◆ **Work instructions**
Nothing after the line with "Yellow folding soccer" belongs in the copy; extract the lines below from the top through that line, pictures left out.

◆ **Given material**
========

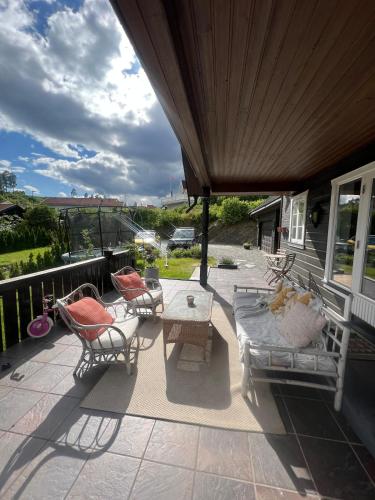 a patio with chairs and a table on a porch at 5 bedroom Spectacular view & charming house in Vollen centre in Vollen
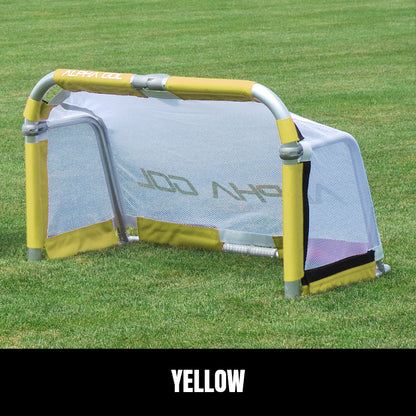 Yellow folding soccer goal on grass, front view, silver aluminum frame with white mesh netting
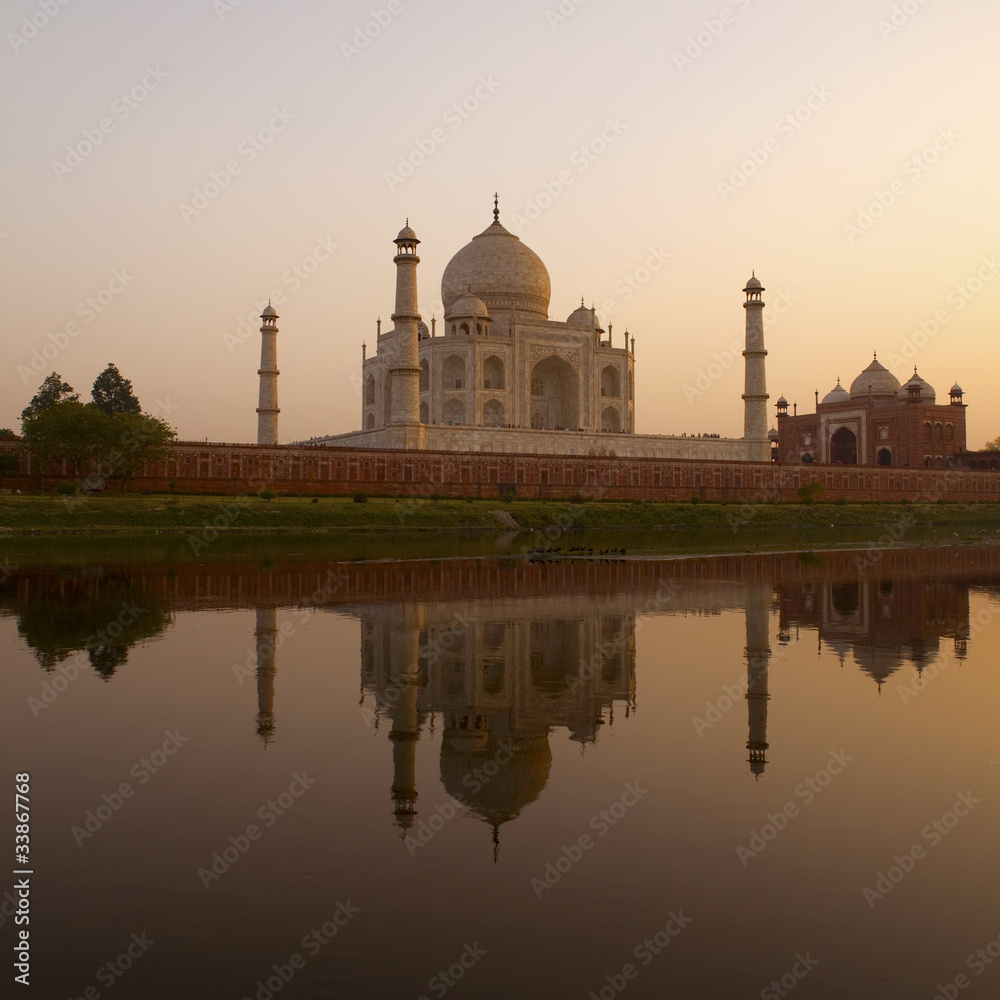 Taj Mahal from north bank of Yamuna river at sunset.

========

◆ **Reply to the task**
 a patio with chairs and a table on a porch at 5 bedroom Spectacular view & charming house in Vollen centre in Vollen
 Yellow folding soccer goal on grass, front view, silver aluminum frame with white mesh netting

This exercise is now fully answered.